▶ **WORK INSTRUCTIONS**:
From top to bottom, write out the listing exactly and skip every picture.
** THE DATA follows **
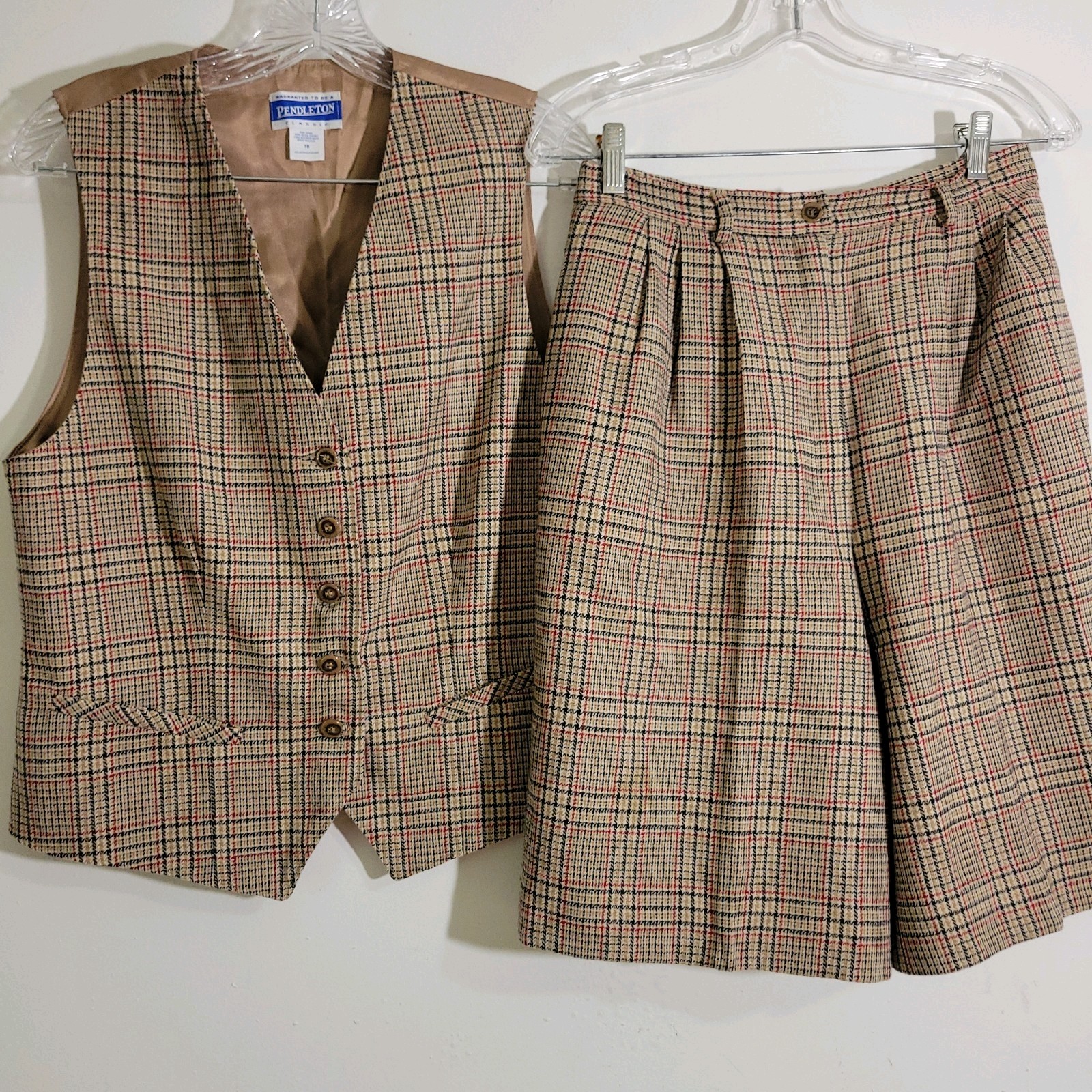 Vintage Pendleton Classic 2 Piece Set Size 10 – Wool Plaid Vest + Pleated Shorts
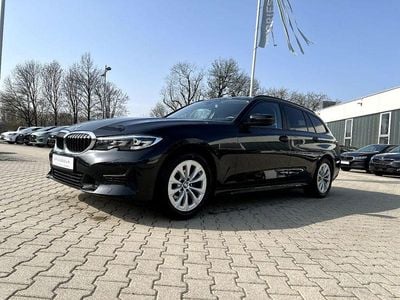 Gebraucht BMW 320 Advantage 190 PS (139 kW) 2020 Black sapphire (metallic) Kombi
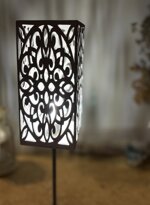 lampada-da-tavolo-in-legno-intagliato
** End of THE DATA **
▶ **REPLY**:
 Vintage Pendleton Classic 2 Piece Set Size 10 – Wool Plaid Vest + Pleated Shorts
 Gebraucht BMW 320 Advantage 190 PS (139 kW) 2020 Black sapphire (metallic) Kombi
 lampada-da-tavolo-in-legno-intagliato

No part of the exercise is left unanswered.